→ **REQUIRED WORK**
A precise copy of the data is required, with every picture left out.

[Web page caption snippets]
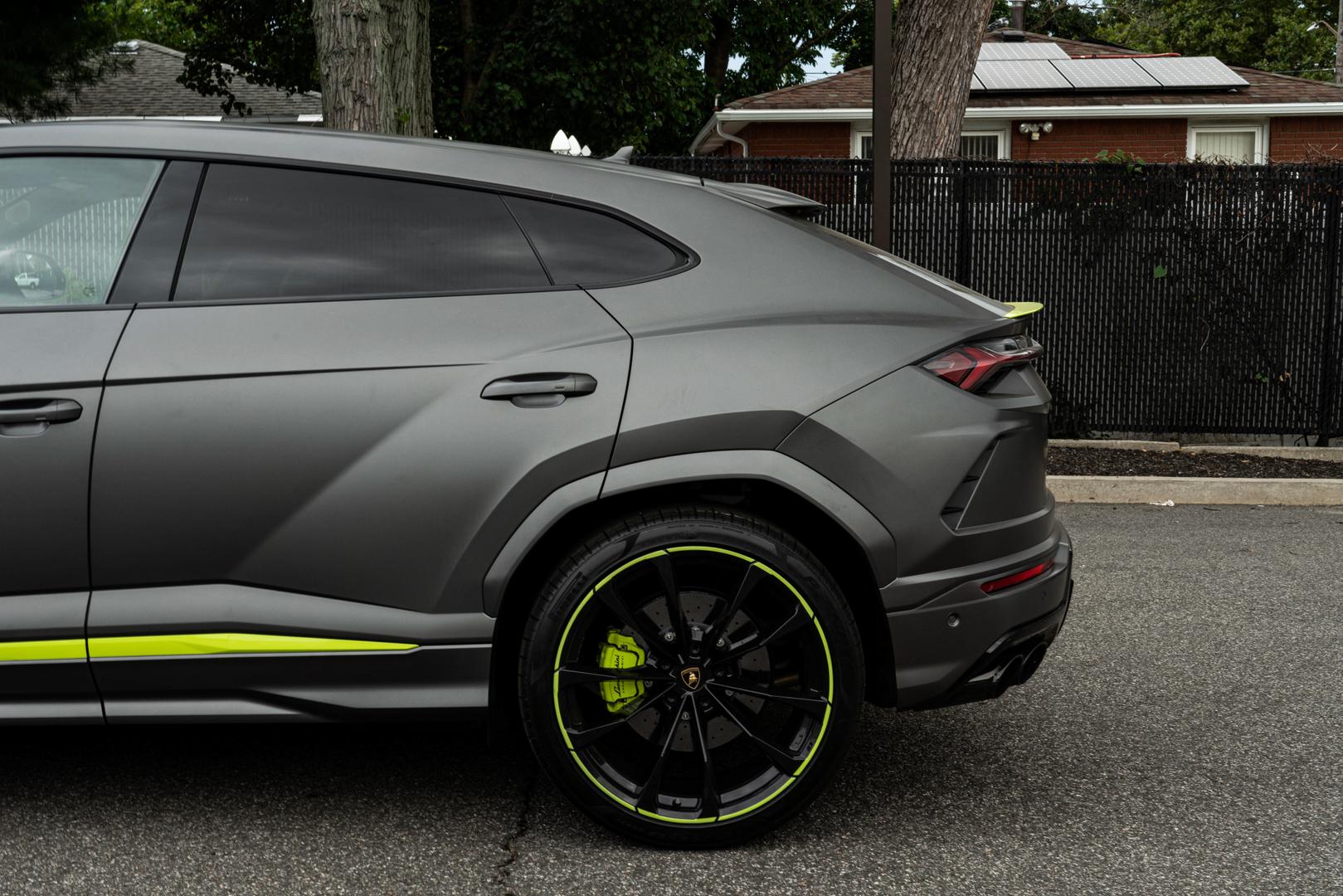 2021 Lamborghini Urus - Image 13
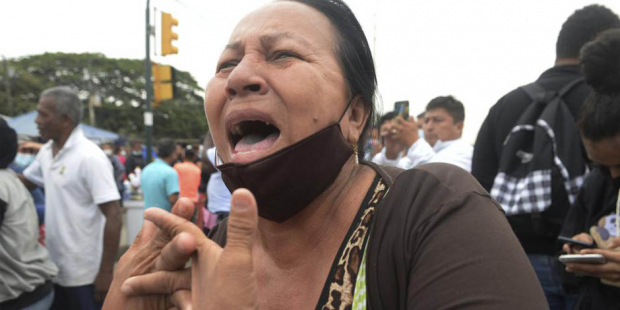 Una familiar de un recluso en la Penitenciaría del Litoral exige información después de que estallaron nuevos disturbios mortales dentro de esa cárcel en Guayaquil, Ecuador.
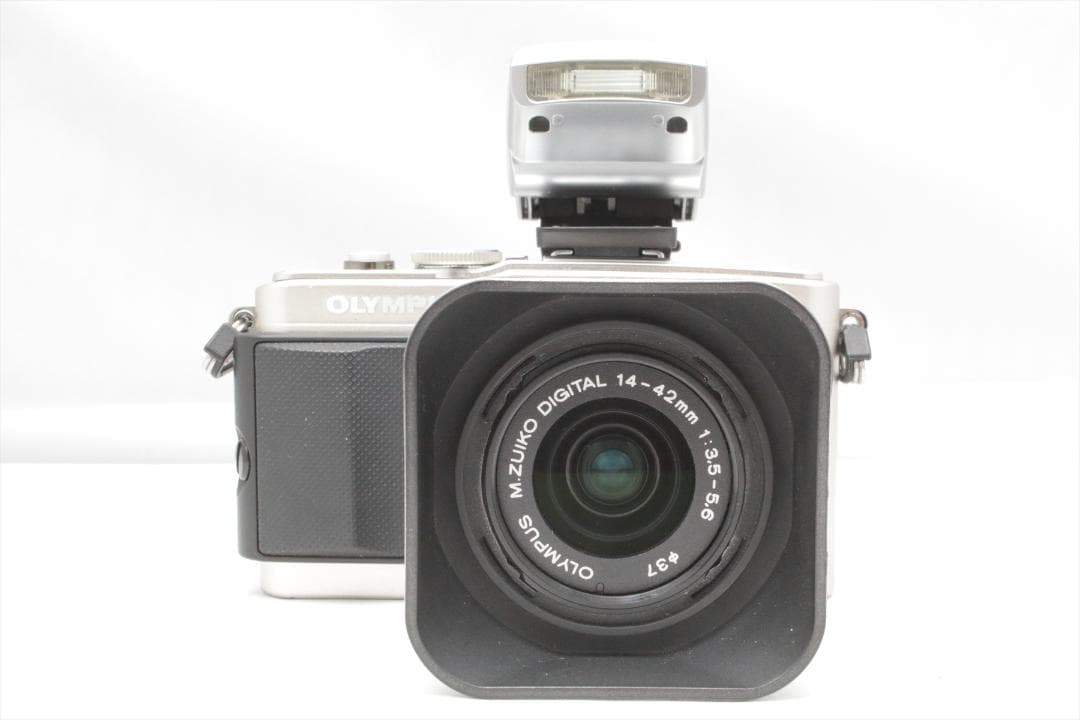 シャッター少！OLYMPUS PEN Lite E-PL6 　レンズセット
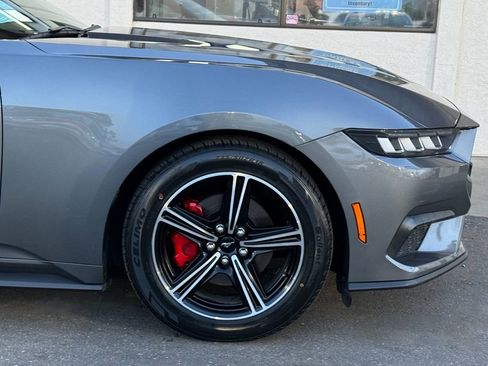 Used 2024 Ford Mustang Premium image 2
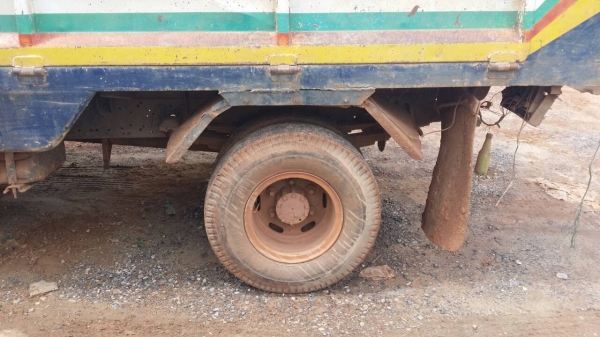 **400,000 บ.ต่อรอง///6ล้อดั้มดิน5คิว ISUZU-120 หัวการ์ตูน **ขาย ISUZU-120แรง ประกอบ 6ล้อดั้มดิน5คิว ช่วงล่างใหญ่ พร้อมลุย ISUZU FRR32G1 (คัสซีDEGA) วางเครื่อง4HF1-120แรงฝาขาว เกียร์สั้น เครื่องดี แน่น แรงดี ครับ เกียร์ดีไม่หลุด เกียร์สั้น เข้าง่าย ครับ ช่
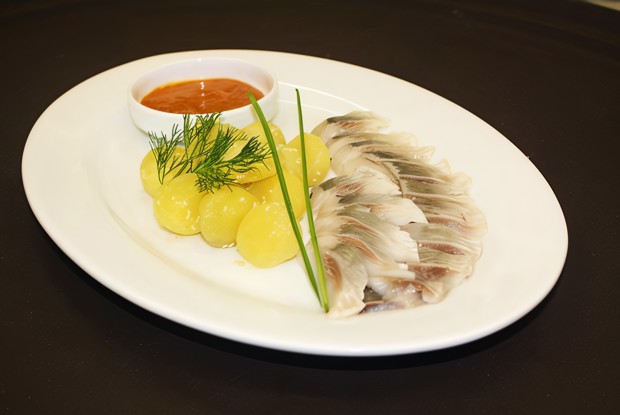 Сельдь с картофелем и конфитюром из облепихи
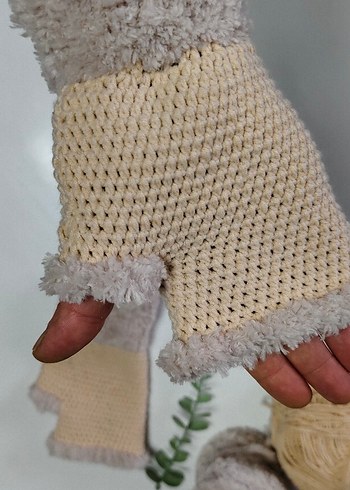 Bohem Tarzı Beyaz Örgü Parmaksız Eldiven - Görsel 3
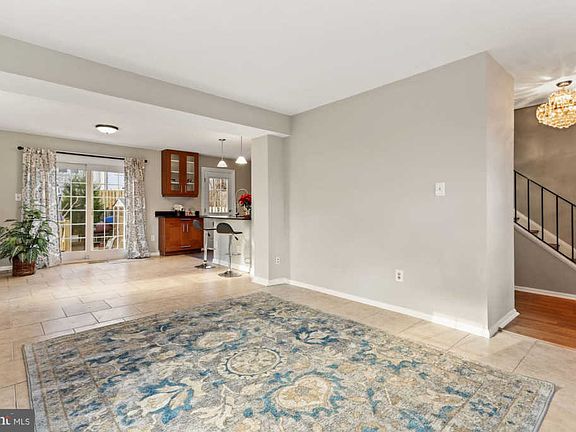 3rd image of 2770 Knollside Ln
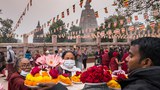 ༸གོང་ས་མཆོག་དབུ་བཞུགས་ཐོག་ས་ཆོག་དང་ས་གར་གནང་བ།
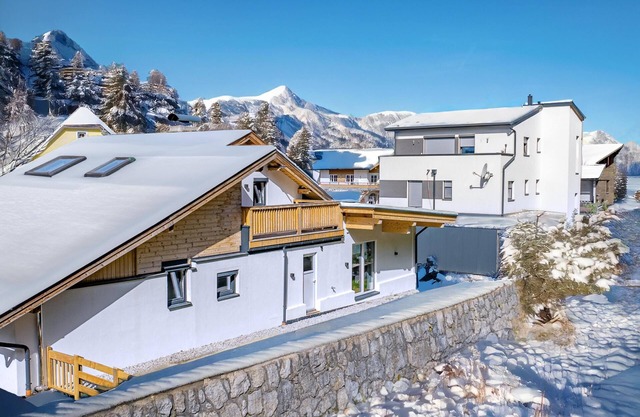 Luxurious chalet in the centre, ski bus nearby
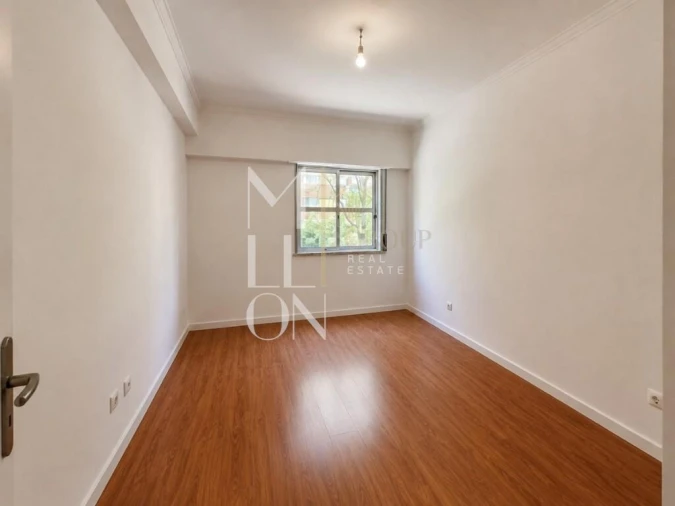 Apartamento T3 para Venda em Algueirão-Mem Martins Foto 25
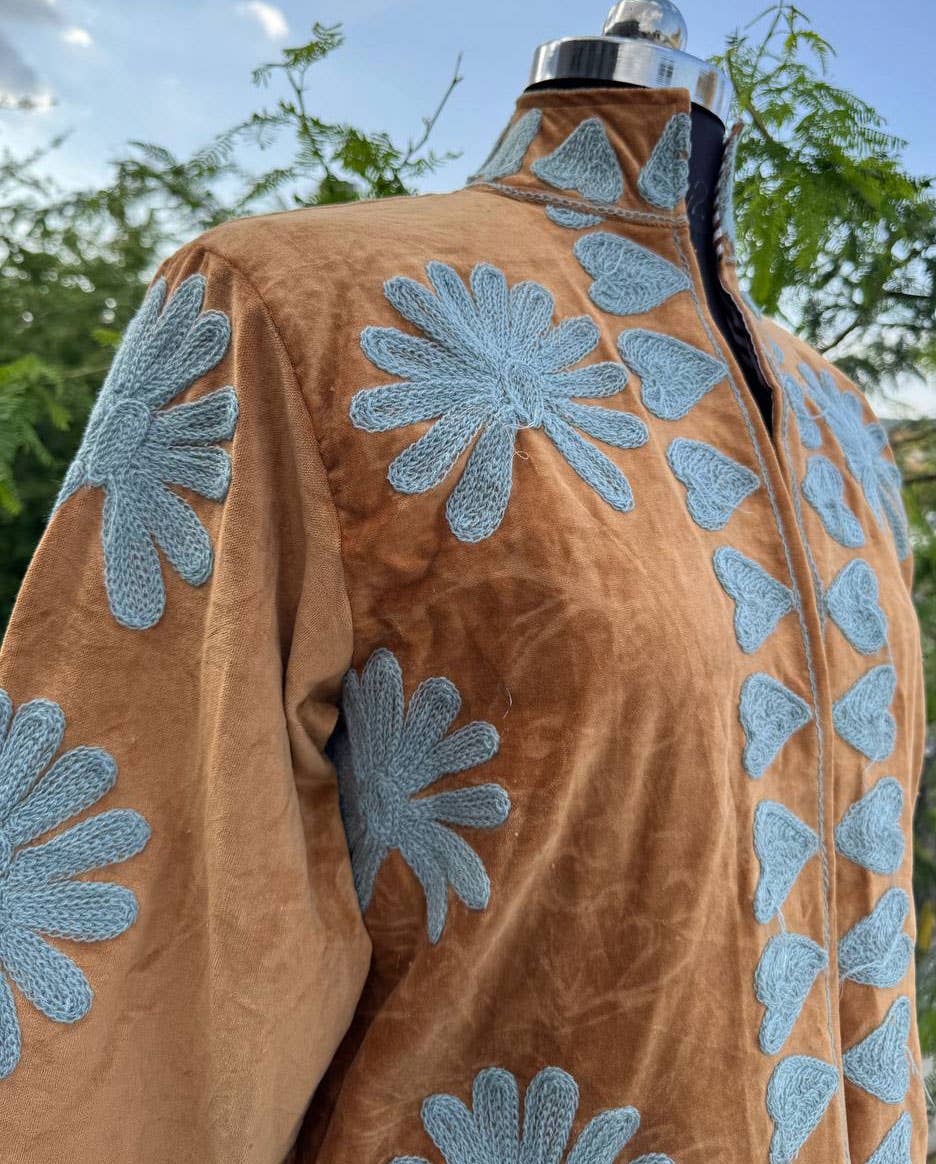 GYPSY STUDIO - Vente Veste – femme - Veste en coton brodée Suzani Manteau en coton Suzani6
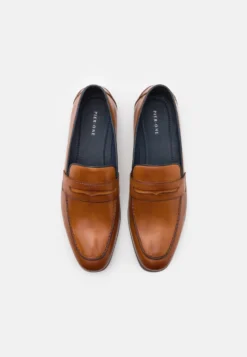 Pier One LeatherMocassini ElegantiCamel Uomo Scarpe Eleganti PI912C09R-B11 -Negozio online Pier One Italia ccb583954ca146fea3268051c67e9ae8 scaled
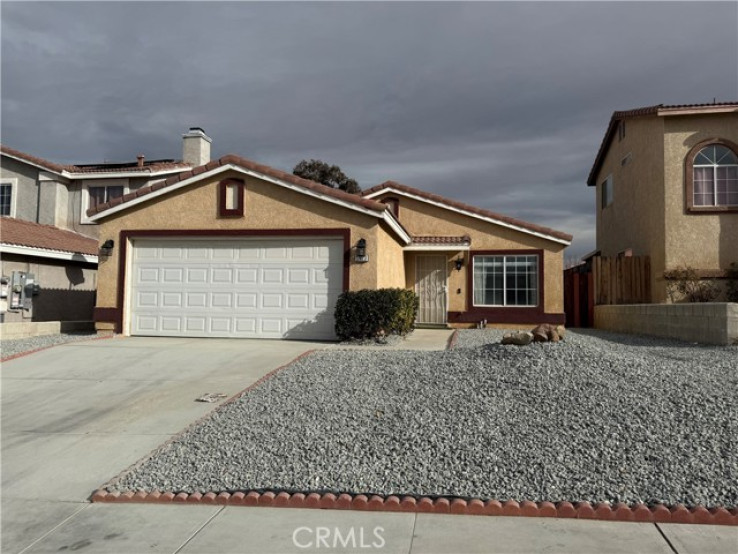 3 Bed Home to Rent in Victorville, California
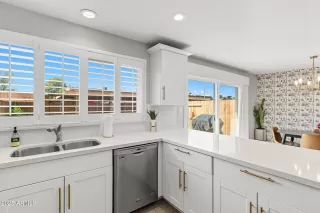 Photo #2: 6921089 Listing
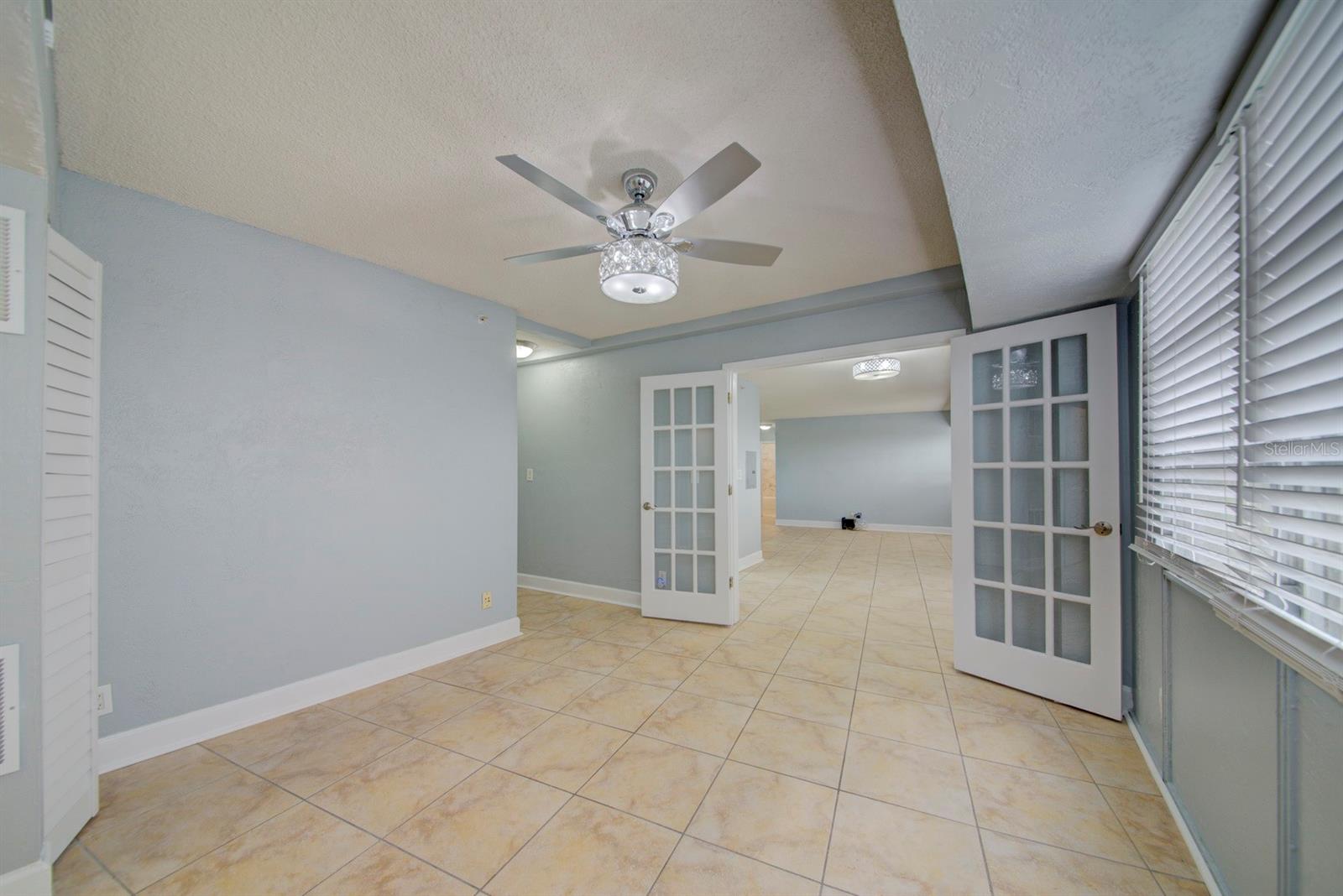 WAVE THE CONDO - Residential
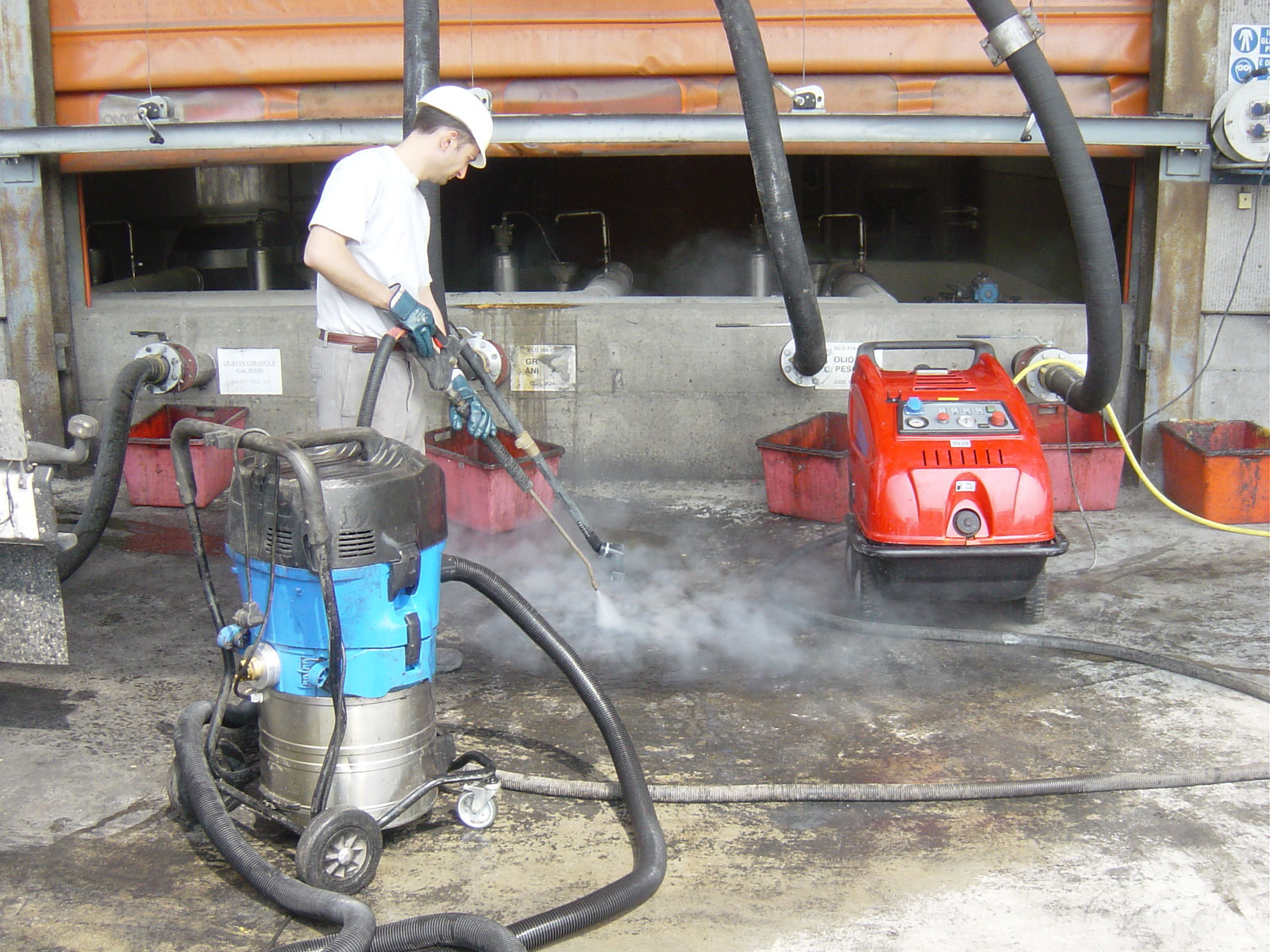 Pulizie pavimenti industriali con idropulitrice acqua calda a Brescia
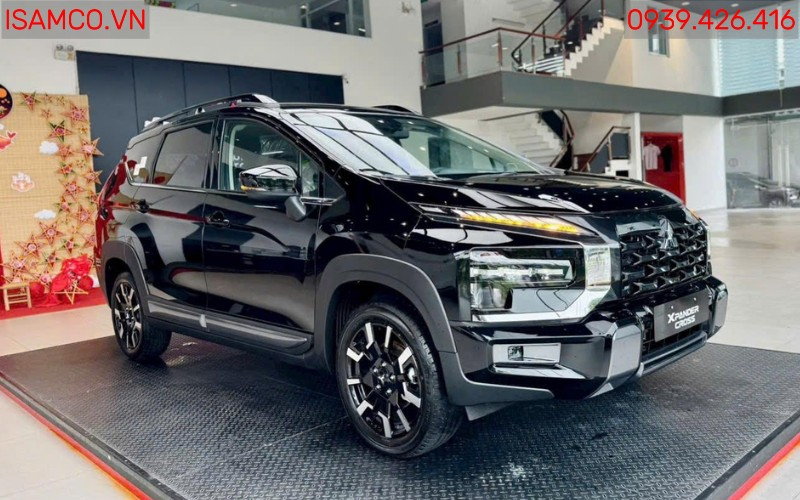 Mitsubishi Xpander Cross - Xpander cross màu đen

→ **THE ANSWER**
 2021 Lamborghini Urus - Image 13
 Una familiar de un recluso en la Penitenciaría del Litoral exige información después de que estallaron nuevos disturbios mortales dentro de esa cárcel en Guayaquil, Ecuador.
 シャッター少！OLYMPUS PEN Lite E-PL6 　レンズセット
 Used 2024 Ford Mustang Premium image 2
 **400,000 บ.ต่อรอง///6ล้อดั้มดิน5คิว ISUZU-120 หัวการ์ตูน **ขาย ISUZU-120แรง ประกอบ 6ล้อดั้มดิน5คิว ช่วงล่างใหญ่ พร้อมลุย ISUZU FRR32G1 (คัสซีDEGA) วางเครื่อง4HF1-120แรงฝาขาว เกียร์สั้น เครื่องดี แน่น แรงดี ครับ เกียร์ดีไม่หลุด เกียร์สั้น เข้าง่าย ครับ ช่
 Сельдь с картофелем и конфитюром из облепихи
 Bohem Tarzı Beyaz Örgü Parmaksız Eldiven - Görsel 3
 3rd image of 2770 Knollside Ln
 ༸གོང་ས་མཆོག་དབུ་བཞུགས་ཐོག་ས་ཆོག་དང་ས་གར་གནང་བ།
 Luxurious chalet in the centre, ski bus nearby
 Apartamento T3 para Venda em Algueirão-Mem Martins Foto 25
 GYPSY STUDIO - Vente Veste – femme - Veste en coton brodée Suzani Manteau en coton Suzani6
 Pier One LeatherMocassini ElegantiCamel Uomo Scarpe Eleganti PI912C09R-B11 -Negozio online Pier One Italia ccb583954ca146fea3268051c67e9ae8 scaled
 3 Bed Home to Rent in Victorville, California
 Photo #2: 6921089 Listing
 WAVE THE CONDO - Residential
 Pulizie pavimenti industriali con idropulitrice acqua calda a Brescia
 Mitsubishi Xpander Cross - Xpander cross màu đen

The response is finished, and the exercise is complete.